▶ **MATERIAL FOR THIS EXERCISE**
*****

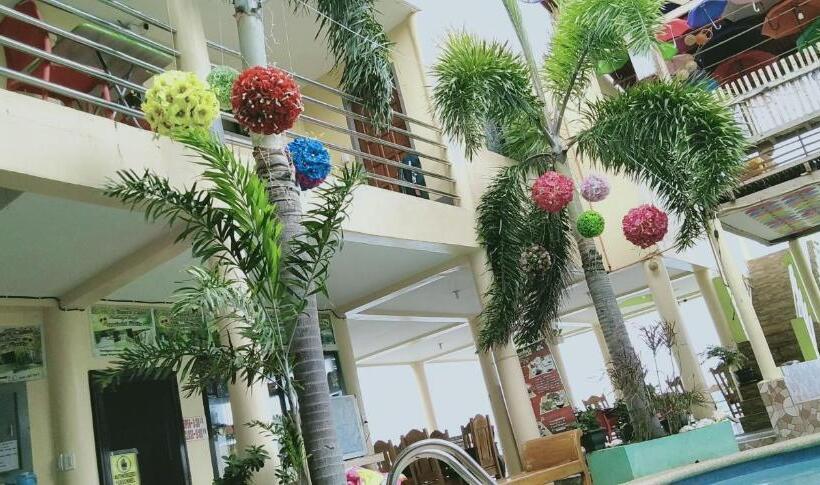 اتاق لوکس با چشمانداز دریا, Sascha S Resort Oslob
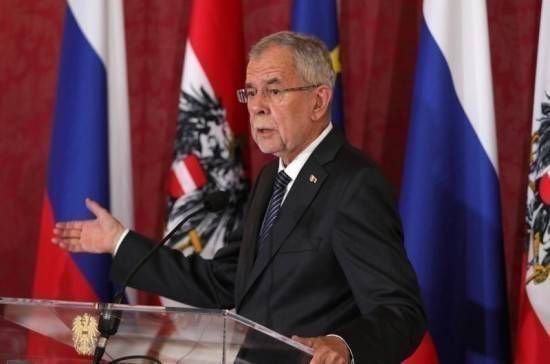 Президент Австрии призвал граждан страны придерживаться карантина
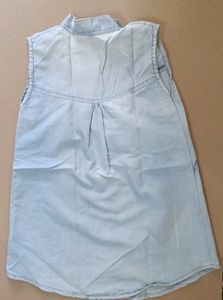 Sleeveless Cotton Top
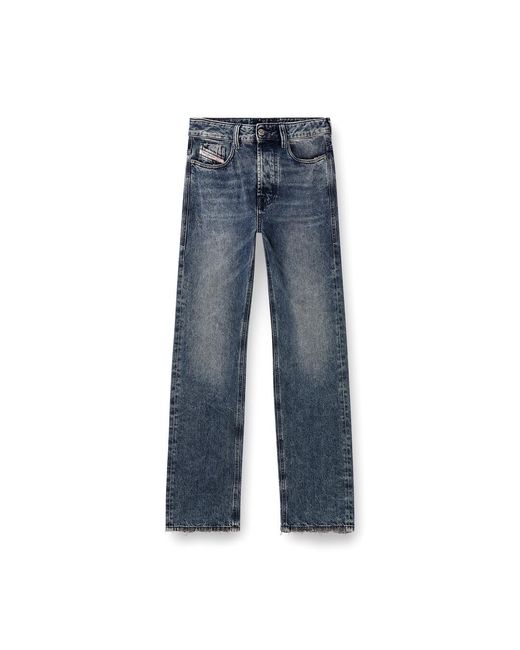 DIESEL Blue Relaxed Jeans for men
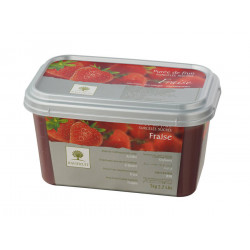 Purée de fraises sucrée 1 kg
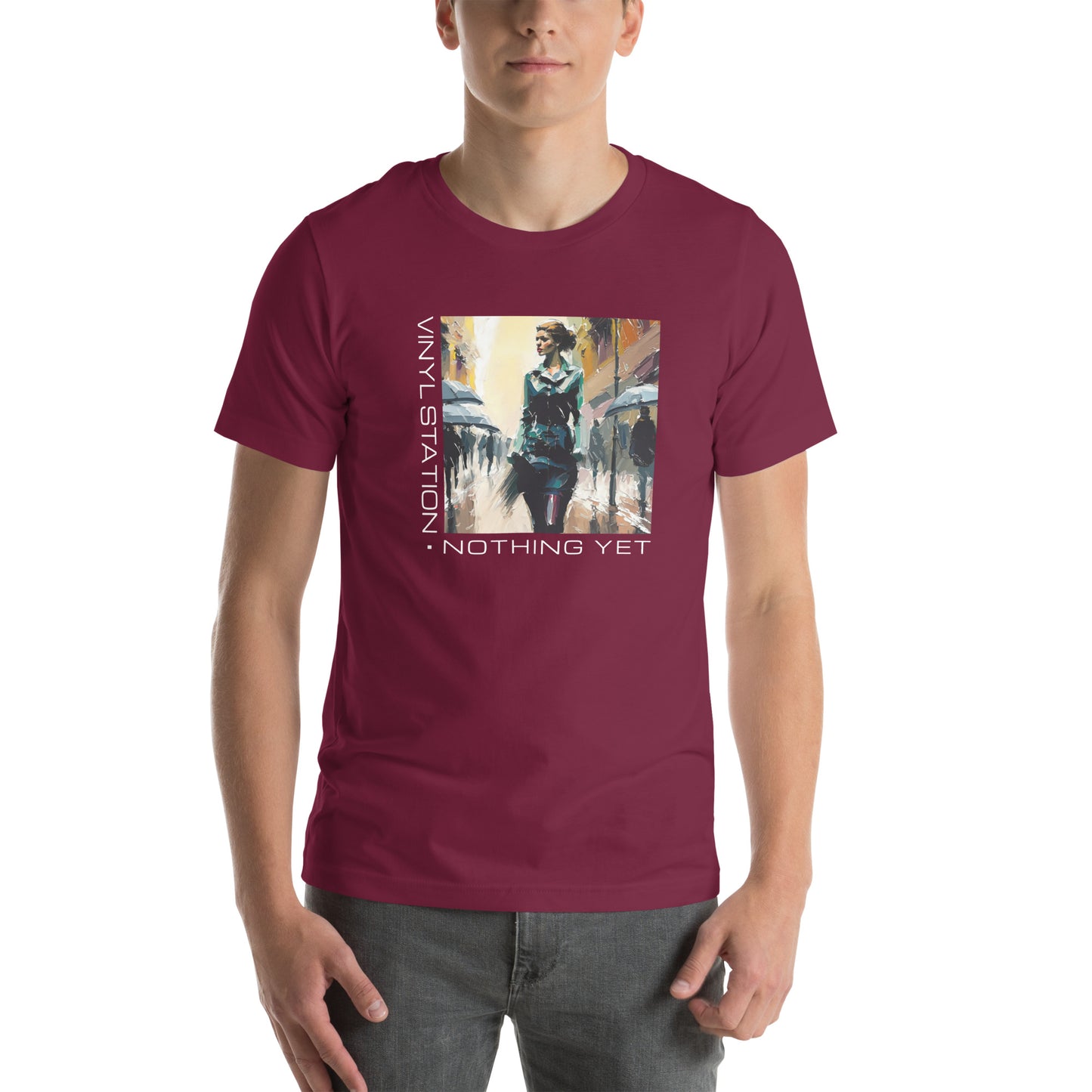 Vinyl Station - Unisex t-shirt - Nothing Yet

*****

▶ **EXERCISE DESCRIPTION**
Leave the pictures out and set down the rest of the listing above exactly.

▶ **SOLUTION TO THE PROBLEM**
 اتاق لوکس با چشمانداز دریا, Sascha S Resort Oslob
 Президент Австрии призвал граждан страны придерживаться карантина
 Sleeveless Cotton Top
 DIESEL Blue Relaxed Jeans for men
 Purée de fraises sucrée 1 kg
 Vinyl Station - Unisex t-shirt - Nothing Yet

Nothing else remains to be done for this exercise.